The frequency and duration of distribution-related electricity supply interruptions is rising across South Africa and will continue to increase unless far-reaching reforms are undertaken, an independent energy consultant has warned.
Dr Willie de Beer, who is a former executive of EDI Holdings, set up to oversee the consolidation of the country’s fractured electricity distribution sector before the programme ran into Constitutional constraints, said that the role of the distribution sector in recent disruptions had been masked by the country’s power generation shortfalls.
“The supply challenges are so well known and promoted that all power interruptions are currently blamed on generation,” he said at a South African National Energy Association event. De Beer highlighted a World Bank report, which stated that South Africa was experiencing around 56 days of distribution-linked disruptions yearly.

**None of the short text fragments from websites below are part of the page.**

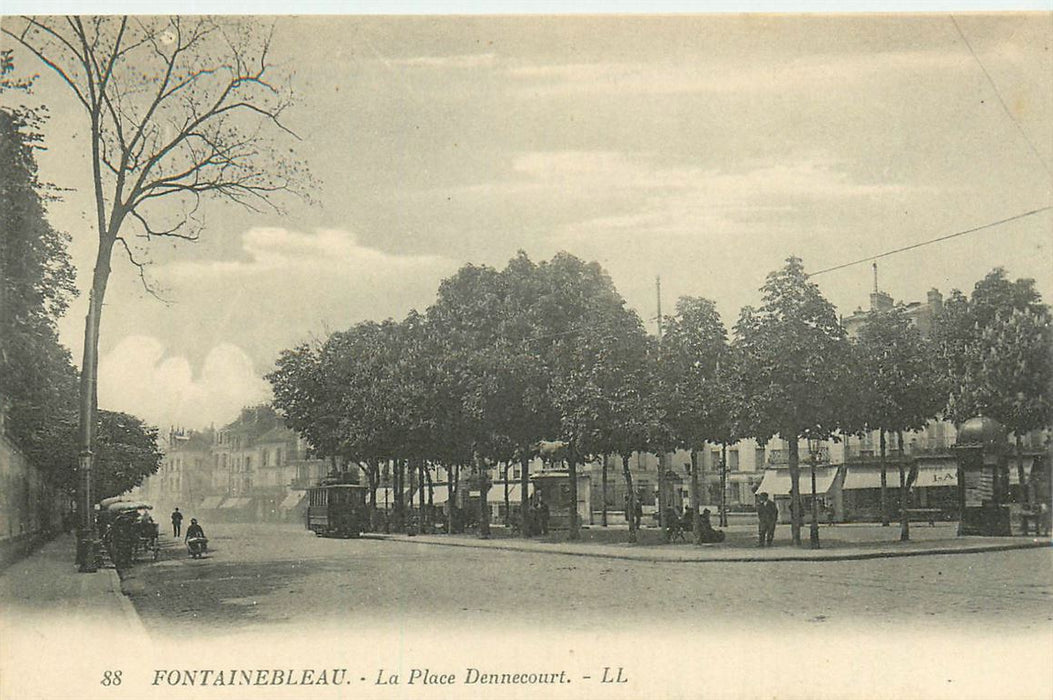 Fontainebleau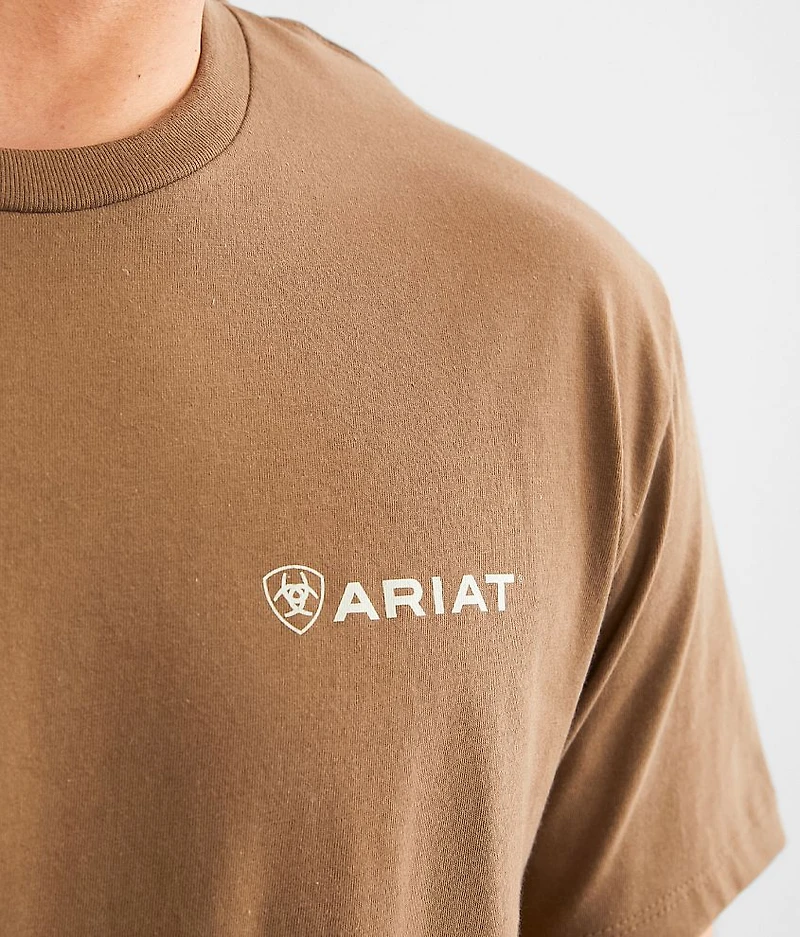 Barn Door Bronco T-Shirt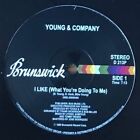Young and Company I Like What You're Doing To Me (Vinyl) (US IMPORT)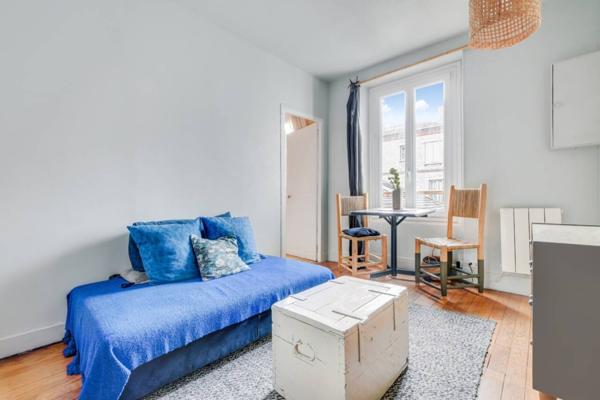 Appartement à vendre 2 pièces de 27 m²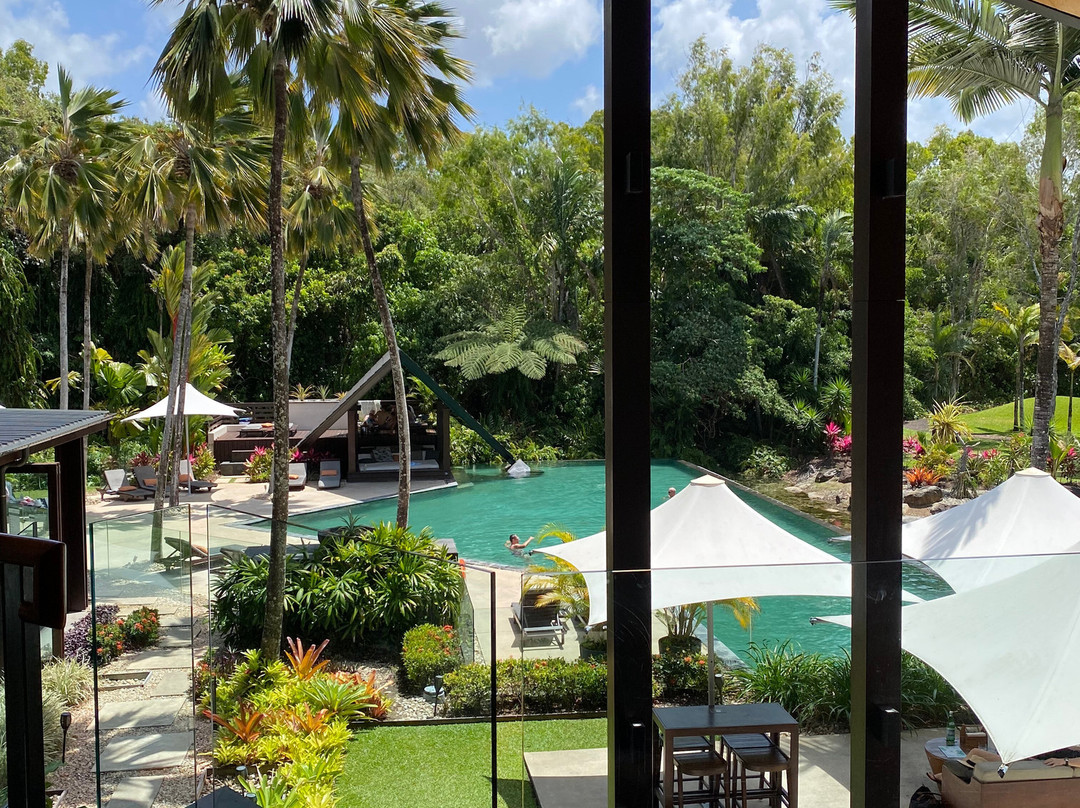 尼拉马亚别墅和Spa酒店主图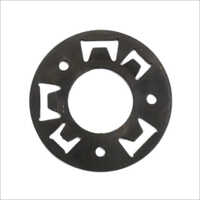 Sheet Metal Auto Clutch Plate - High-grade Stainless Steel, Round Shape | Cnc Punching, Anodized And Galvanized Surfaces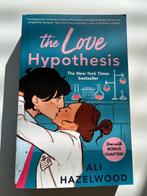 The Love Hypothesis - Ali Hazelwood, Ophalen of Verzenden, Zo goed als nieuw, Europa overig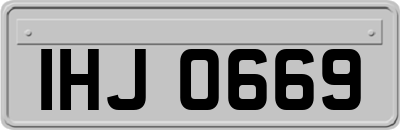 IHJ0669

However, the prevailing suppressed demand, which had seen electricity sales fall to levels last experienced in 2007, was creating “artificial comfort” that all was well in the area of electricity distribution. There was also a suggestion that all South Africa’s electricity problems would be addressed once the generation supply constraints were eased.
In reality, the country faced a major distribution investment backlog, which was estimated at R68-billion in 2014.
In addition, the business model for municipal and utility distributors was being disrupted by the emergence of new generation alternatives that were resulting in some consumers either defecting from the network, or seeking to supply surplus capacity into the grid. It had also become increasingly difficult for municipal distributors to collect revenue from electricity sales and to secure the servitudes required to increase network capacity in certain urban centres.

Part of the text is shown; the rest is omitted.